- Pitcher
- Born: 11 January 1980 (age 46) Florencia, Ciego de Ávila Province, Cuba
- Bats: RightThrows: Left

Teams
- Ciego de Ávila (2001–2013; 2018–2019);

Medals
Men's baseball
Representing Cuba
World Baseball Classic
| Silver medal – second place | 2006 San Diego | Team |
Baseball World Cup
| Silver medal – second place | 2009 Nettuno | Team |

= Maikel Folch =

Cuban baseball player (born 1980)

Maikel Folch Vera (born 11 January 1980) is a former left-handed pitcher for the Cuba national baseball team and Ciego de Ávila in the Cuban National Series. Folch represented Cuba at the 2006 World Baseball Classic and the 2009 Baseball World Cup, winning the silver medal in both competitions.

==Career==
Folch was born on 11 January 1980 in Florencia in the Ciego de Ávila Province. He made his debut in the Cuban National Series in 2001 playing for Ciego de Ávila. He posted a league-low 2.09 ERA during the 2004–05 season, compiling a 10–0 record.
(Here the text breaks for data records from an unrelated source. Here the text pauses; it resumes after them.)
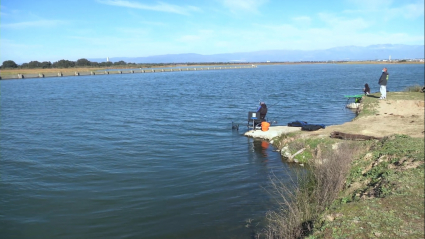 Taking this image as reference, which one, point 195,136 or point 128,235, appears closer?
point 128,235

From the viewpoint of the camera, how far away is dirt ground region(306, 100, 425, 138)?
41.7ft

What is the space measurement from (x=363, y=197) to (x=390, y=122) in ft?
30.7

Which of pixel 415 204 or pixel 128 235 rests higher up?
pixel 415 204

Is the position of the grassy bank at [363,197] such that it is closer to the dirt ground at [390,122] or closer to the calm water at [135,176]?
the calm water at [135,176]

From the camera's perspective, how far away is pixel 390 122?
A: 48.5 ft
He retired after the 2012–13 season due to injury, but returned in 2018–19 for one final season with Tigres de Ciego de Ávila, appearing in 18 games and recording a 5–4 record, one save, and a 3.49 ERA.
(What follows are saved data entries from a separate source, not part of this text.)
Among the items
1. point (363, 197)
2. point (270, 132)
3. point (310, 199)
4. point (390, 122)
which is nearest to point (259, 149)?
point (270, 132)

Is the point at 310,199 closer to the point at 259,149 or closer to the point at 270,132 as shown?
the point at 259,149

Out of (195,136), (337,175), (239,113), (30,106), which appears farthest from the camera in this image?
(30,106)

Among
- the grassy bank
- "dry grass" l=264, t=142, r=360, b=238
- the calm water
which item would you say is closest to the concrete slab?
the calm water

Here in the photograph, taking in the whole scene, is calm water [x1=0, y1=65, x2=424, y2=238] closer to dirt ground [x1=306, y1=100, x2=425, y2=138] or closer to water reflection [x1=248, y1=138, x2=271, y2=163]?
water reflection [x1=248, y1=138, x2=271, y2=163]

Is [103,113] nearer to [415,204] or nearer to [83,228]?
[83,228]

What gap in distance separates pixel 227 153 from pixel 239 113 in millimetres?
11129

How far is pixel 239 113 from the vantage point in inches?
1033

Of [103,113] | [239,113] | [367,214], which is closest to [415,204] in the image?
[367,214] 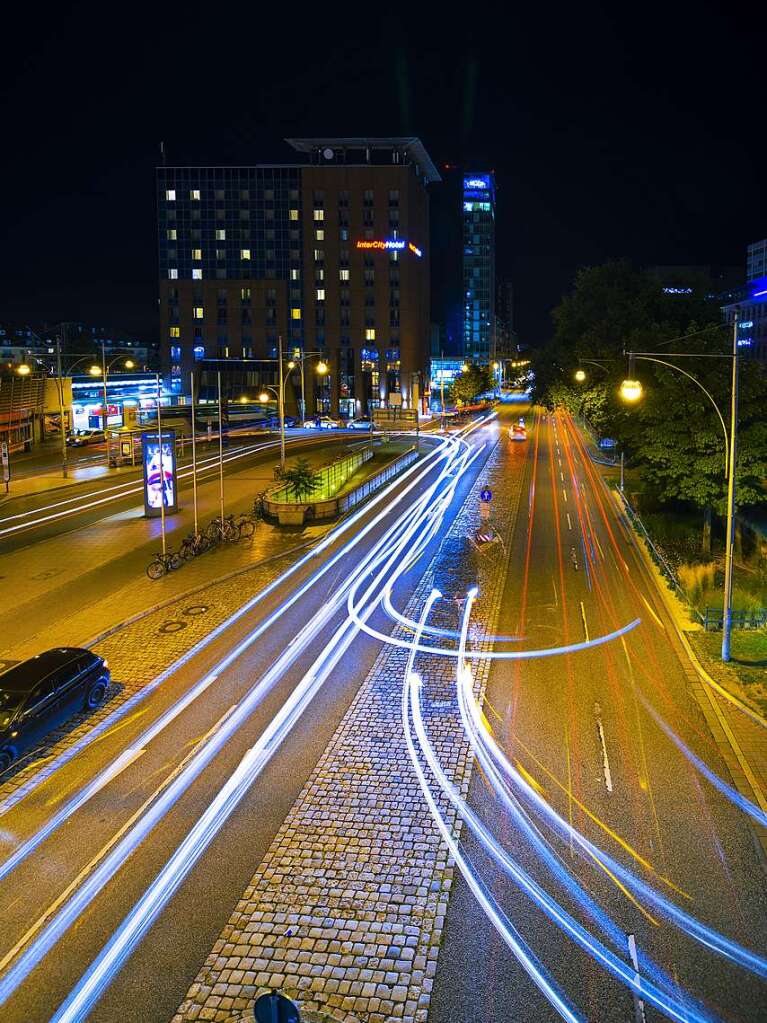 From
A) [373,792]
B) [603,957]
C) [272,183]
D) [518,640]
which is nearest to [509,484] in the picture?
[518,640]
Cuban National Series career statistics
| Seasons | G | W | L | SV | IP | H | R | ER | ERA | WHIP | BB | SO |
|---|---|---|---|---|---|---|---|---|---|---|---|---|
| 12 | 216 | 80 | 46 | 4 | 1078.1 | 1090 | 526 | 458 | 3.82 | 1.53 | 559 | 564 |

==International career==
Folch played for Cuba at the 2006 World Baseball Classic and the 2009 Baseball World Cup, winning the silver medal in both tournaments.

==Personal life==
As of 2018, Folch resided in the village of Piedra, in the municipality of Chambas, Ciego de Ávila Province. He has two children: Brayan and Maikol.